- Origin: Bristol, England
- Genres: Hip hop
- Years active: 1996–present

= Aspects (band) =

Hip hop band

Aspects are an English hip hop group from Bristol, England; the outfit's core members being emcees El Eye, Mantis and Bubber Loui.

==Career==
The band formed in 1996 and were once part of a larger collective of artists known as FSH (Fantastic Super Heroes). Aspects, formerly Earthbound Aspects, were born of the Hip Hop movement in their native city and the culture's well documented renaissance at that time.

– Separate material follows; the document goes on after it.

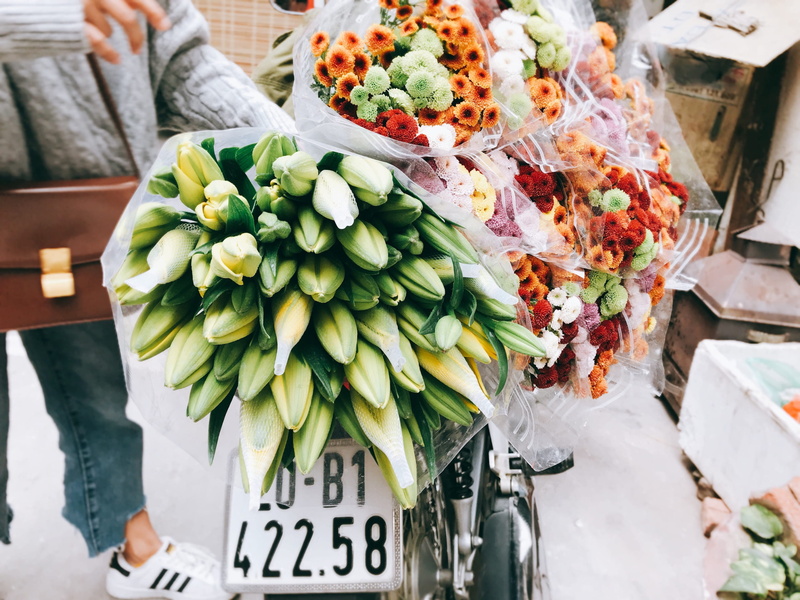 retail display, green, food and drink, for sale, choice, day, assorted, wellbeing, flowers, delivery, bouquets, business, holding, outdoors, real people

After a number of EPs, Aspects released their debut album Correct English to critical acclaim in 2001. The album featured the singles "Best Music" (also containing "Intrigue" remixed by DJ Vadim) and "My Genre." On its release "My Genre" became Single of the Week in the NME. The group gained international exposure with the song and the accompanying video was rotated on BBC Radio 1 in the UK and MTV Europe respectively. At this time the group appeared on and recorded exclusive radio sessions for Dan Greenpeace and Zane Lowe, Steve Lamacq, Tim Westwood and the late John Peel (see List of Peel sessions), among others. The title track and third official single, "Correct English" never appeared on the album but was released as a double A side (along with "We Get Fowl"). It is a collaborative track with Task Force. In 2007 Hip Hop Connection magazine (issue 214) ranked Aspects' Correct English No. 28 in the 50 Best British Albums Ever.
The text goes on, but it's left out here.